Aristóteles propugnaba que la virtud, el camino más directo a la felicidad, está en el punto medio entre el exceso y el defecto. Hablando en plata: ni te pases ni te quedes corto. Lo curioso es que hasta para una situación tan rara como la pandemia la filosofía del sabio de Estagira viene de perlas. Así, ante el coronavirus ni vivas con miedo ni seas un irresponsable. Ni pases de las normas ni las sigas tan a rajatabla que, por ejemplo, te lleve a negarle la ayuda a una persona accidentada (ya ha pasado). Ni vayas de gilipollas listo ni te hagas el tonto gilipollas.
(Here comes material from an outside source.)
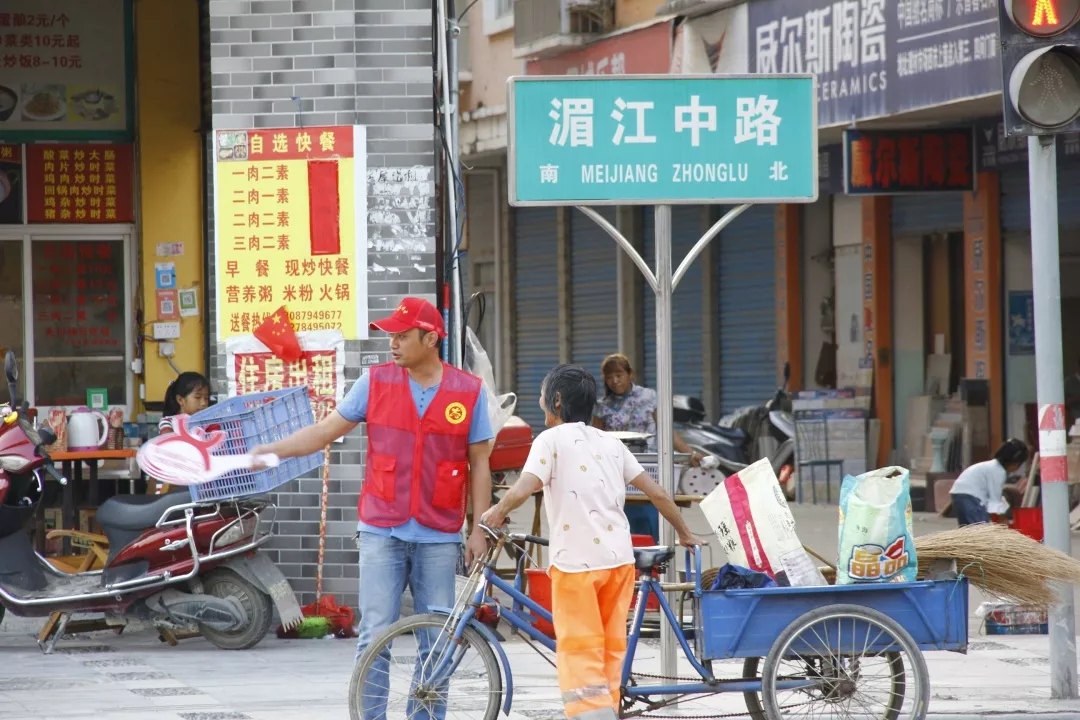 蒙山縣總工會開展文明交通勸導(dǎo)志愿服務(wù)活動(dòng)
Y es que en unos momentos tan delicados llama la atención tantos cantos de sirena que nos proponen acercarnos a los extremos: por un lado, los negacionistas de la epidemia, cuyo reto a las normas sanitarias son todo un desafío a la razón, una vergonzosa tergiversación de ese término maravilloso que es «libertad» y un insulto para los miles de muertos que han caído con la epidemia y sus familias, cuando no un peligro para el resto de la sociedad.

Pero también porque la ley debe cumplirse, y eso es lo que hay que hacerlo a pesar de que en el otro extremo estén... los prohibicionistas. Por ejemplo, los que dicen cómo dar clases de matemática pasándose esa ciencia por el forro del libro de texto. Verán: si se aumenta el doble la distancia entre ocupantes de un espacio, el aforo se reduce a menos que la clase eleve al cuadrado su superficie. Si hay dos clases en lugar de una, tiene que haber dos profesores. Si se habilitan dos turnos de clases en un centro, las horas lectivas soportadas por la instalación también se duplican... Lo que hay es lo que hay. Es matemática muy sencillita (vean que solo hemos usado las cifras 1 y 2), y eso no lo cambia ningún asesor político que quiera endiñarle la responsabilidad al director y al AMPA para que ellos cuadren la cuenta de que uno más uno sea solo uno.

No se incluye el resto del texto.